Albert Barnes Commentary


Albert Barnes Commentary
"Now if Christ is preached that he hath been raised from the dead, how say some among you that there is no resurrection of the dead?" — 1 Corinthians 15:12 (ASV)
Now if Christ, etc. Paul, having stated the direct evidence for the resurrection of the Lord Jesus in 1 Corinthians 15:1–11, proceeds here to demonstrate that the dead would rise. He does this by showing how their resurrection followed from the fact that the Lord Jesus had risen, and by outlining the consequences of denying it. The whole argument is based on the fact that the Lord Jesus had risen. If that was admitted, he shows that it must follow that his people would also rise.
Be preached. The word preached here seems to include the idea of preaching in such a way as to be believed, or so as to demonstrate that he did rise. If this was the doctrine on which the church was based—that the Lord Jesus rose from the dead—how could the resurrection of the dead be denied?
How say.
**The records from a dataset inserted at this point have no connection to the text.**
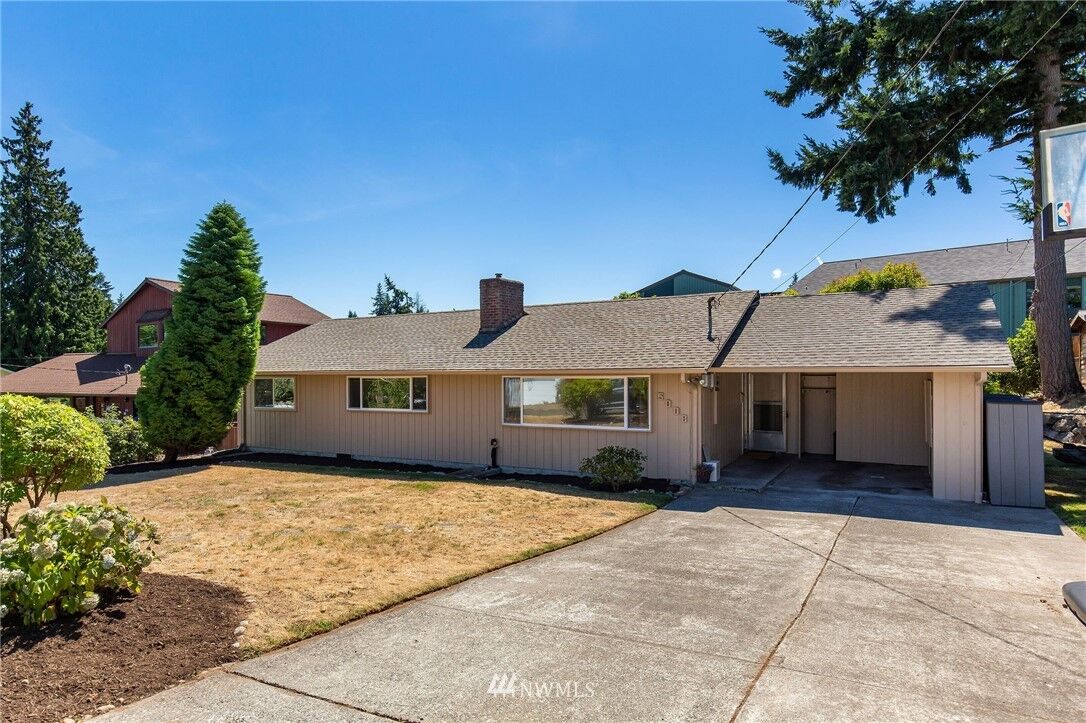 Property Photo: 5008 219th Street SW WA 98043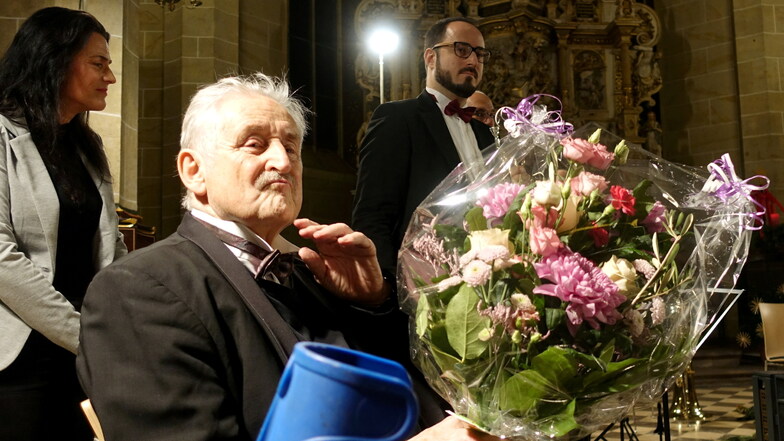 Blumen als Dankeschön und Anerkennung. Trompeter Ludwig Güttler prägte das Festival Sandstein und Musik jahrzehntelang.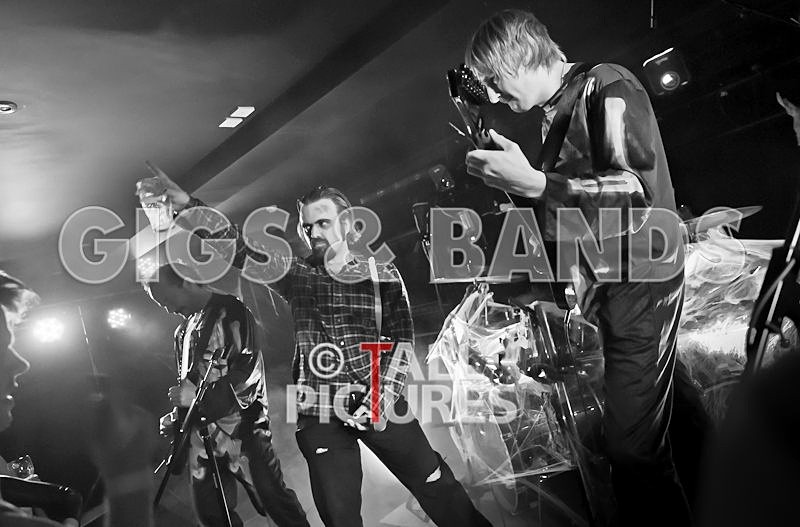 A Thousand Choking Corpses-14 - A THOUSAND CHOKING CORPSES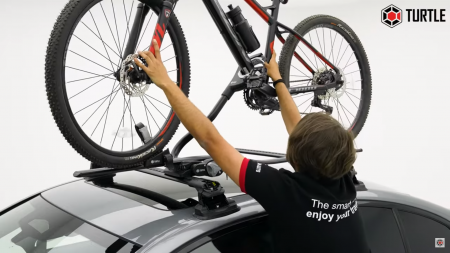 Велокрепления на крышу авто Turtle Pro-S черного цвета от магазина ФаркопРос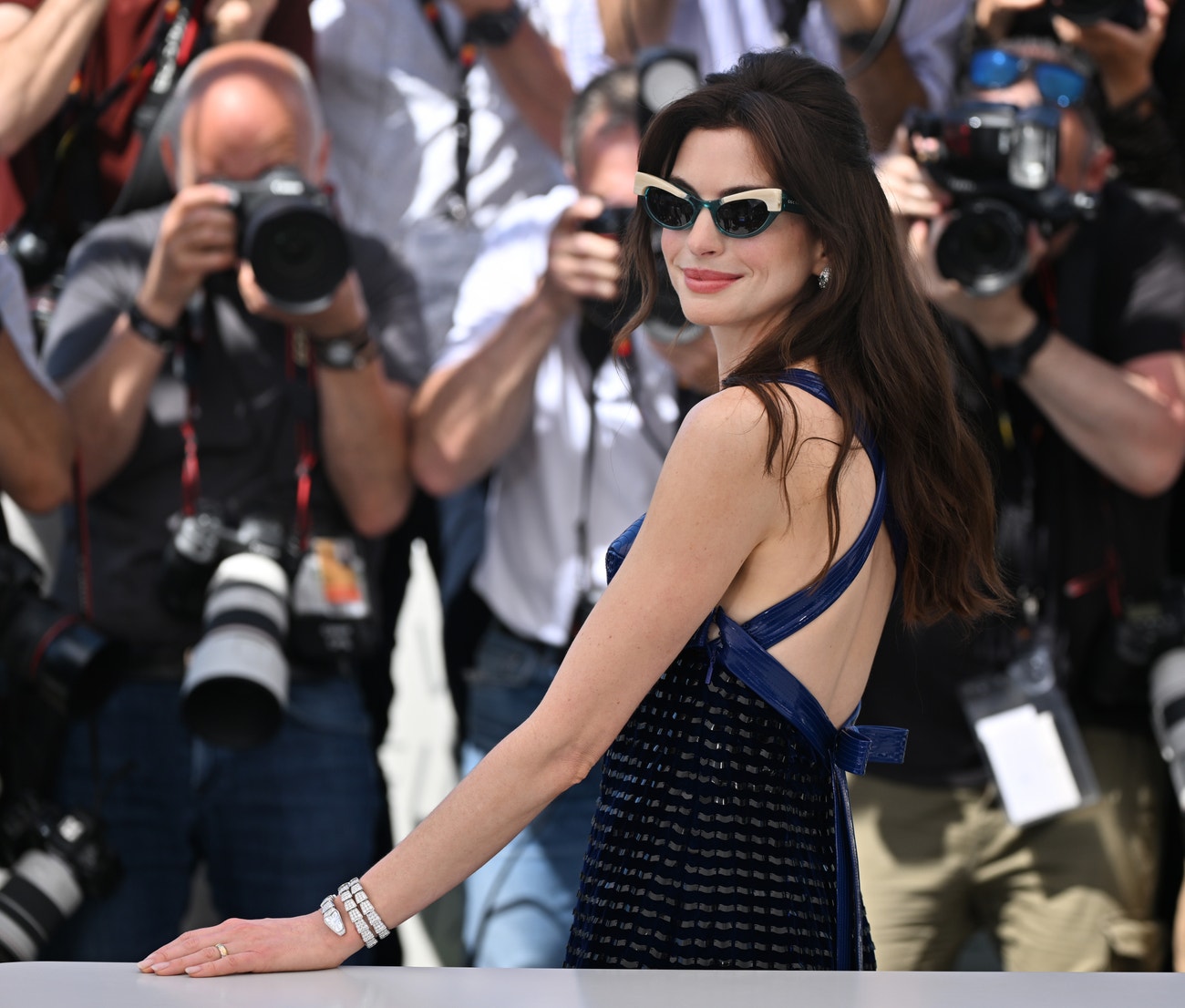 Anne Hathaway na filmovém festivalu v Cannes, květen 2022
How can anyone say this? How can it be maintained?
Some among you. See the introduction to the chapter. Who these were is unknown. They may have been some of the philosophic Greeks who spurned the doctrine of the resurrection (Acts 17:32); or they may have been some followers of Sadducean teachers; or it may be that Gnostic philosophy had corrupted them. It is most probable, I think, that the denial of the resurrection was the result of reasoning after the manner of the Greeks and the effect of introducing philosophy into the church. This has been the fruitful source of most of the errors that have been introduced into the church.
That there is no resurrection of the dead? That the dead cannot rise. How can it be maintained that there can be no resurrection, while it is also admitted that Christ rose? The argument here is twofold.
This argument Paul states at length in the following verses.
It was probably held by them that the resurrection was impossible.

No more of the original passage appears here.